Task to complete |
With pictures excluded, give again exactly the lines running from the one holding "Black and Gold Leafy Diamond Sweatshirt" through the end of the listing below.

The input |
....................

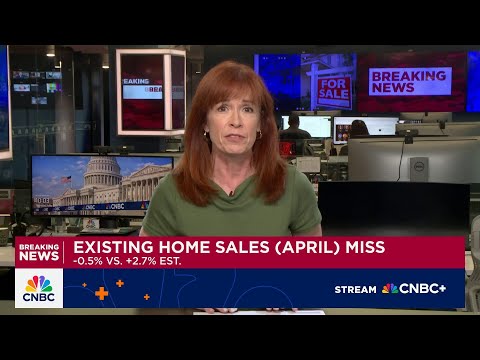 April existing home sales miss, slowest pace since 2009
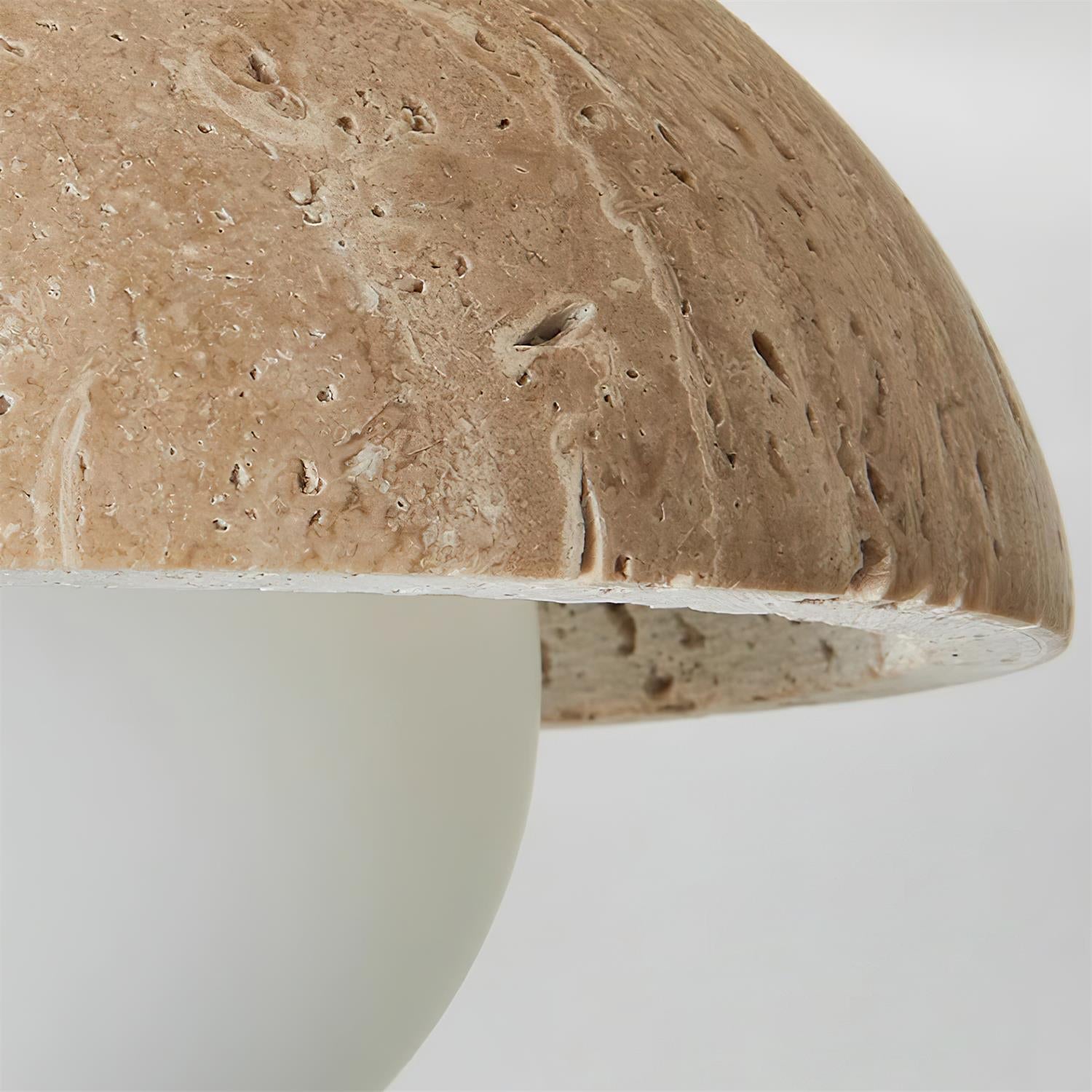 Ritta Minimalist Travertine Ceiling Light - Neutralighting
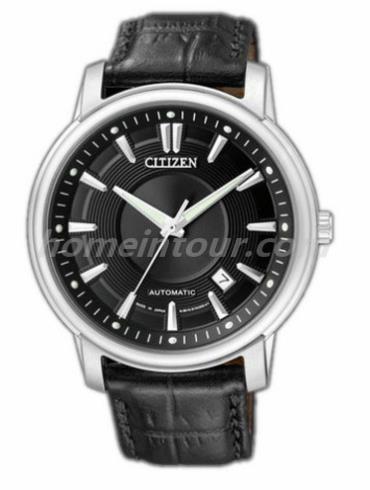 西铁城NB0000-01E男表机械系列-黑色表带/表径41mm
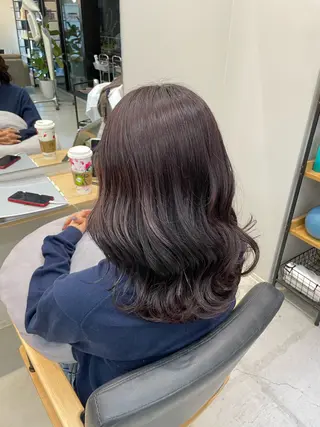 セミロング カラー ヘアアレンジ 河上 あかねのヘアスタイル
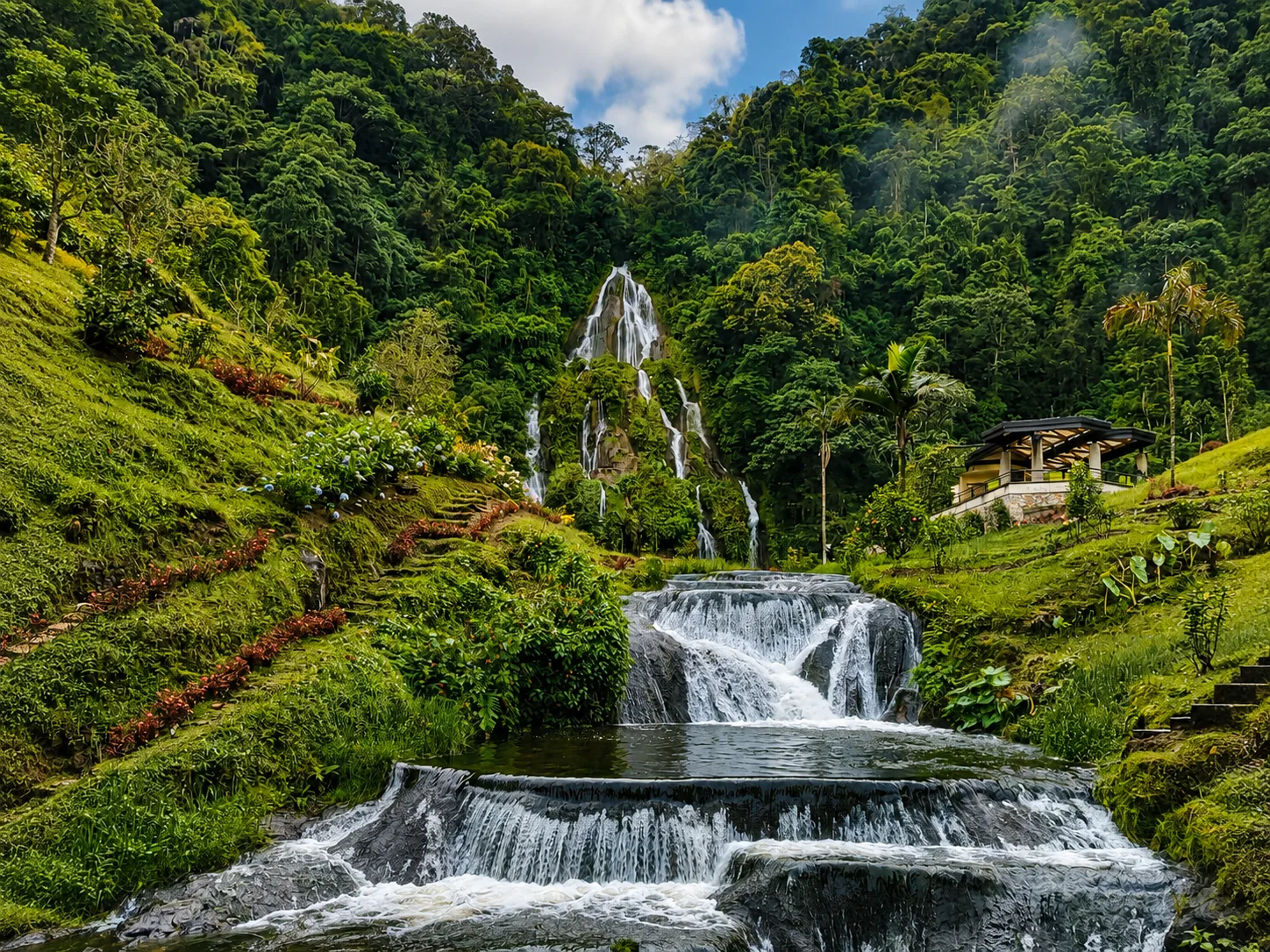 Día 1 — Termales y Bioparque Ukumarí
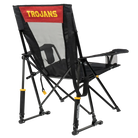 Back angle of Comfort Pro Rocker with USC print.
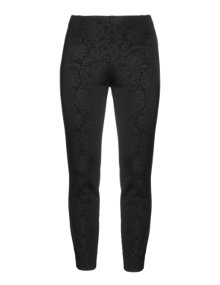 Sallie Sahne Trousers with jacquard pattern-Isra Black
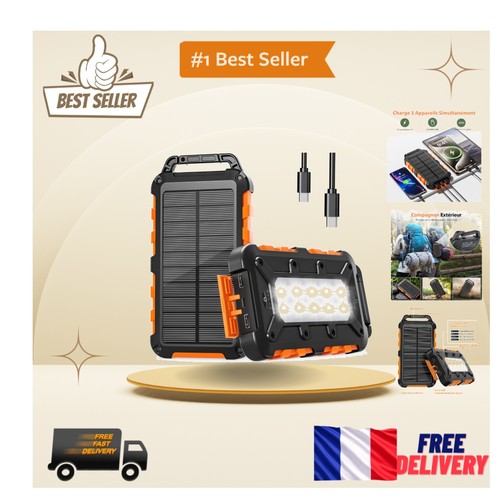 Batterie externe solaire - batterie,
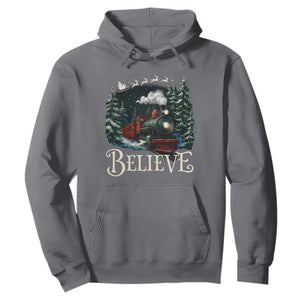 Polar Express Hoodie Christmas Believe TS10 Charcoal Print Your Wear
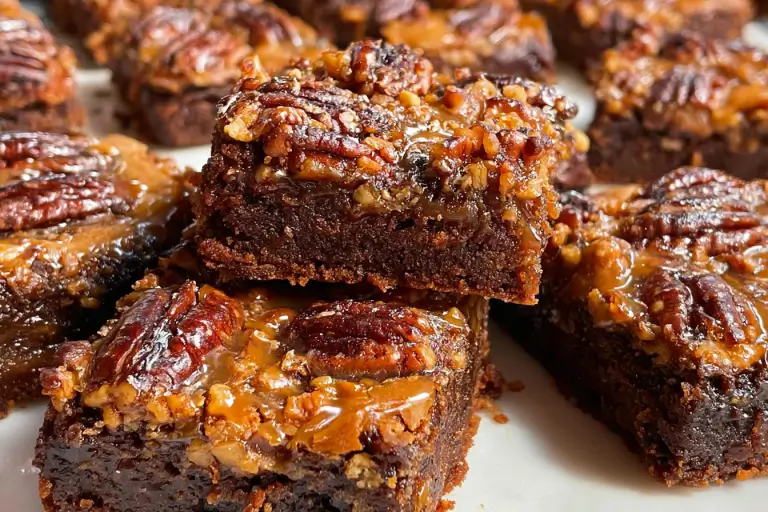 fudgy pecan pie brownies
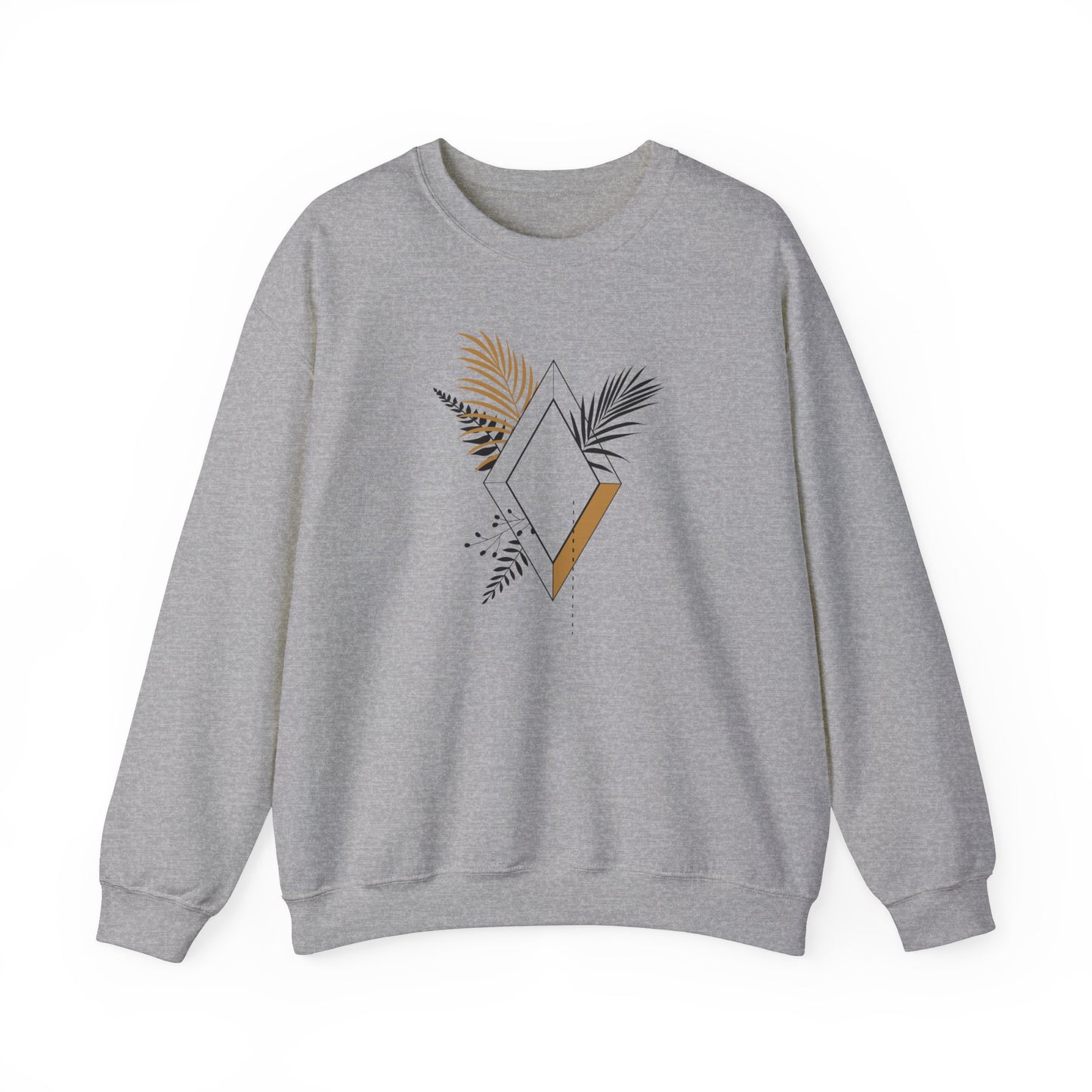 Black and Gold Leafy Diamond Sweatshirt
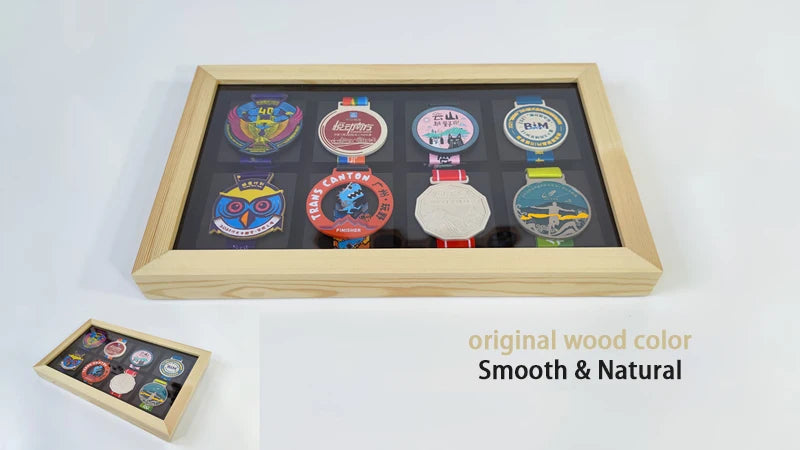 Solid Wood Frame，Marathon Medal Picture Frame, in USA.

....................

Solution below |
 Black and Gold Leafy Diamond Sweatshirt
 Solid Wood Frame，Marathon Medal Picture Frame, in USA.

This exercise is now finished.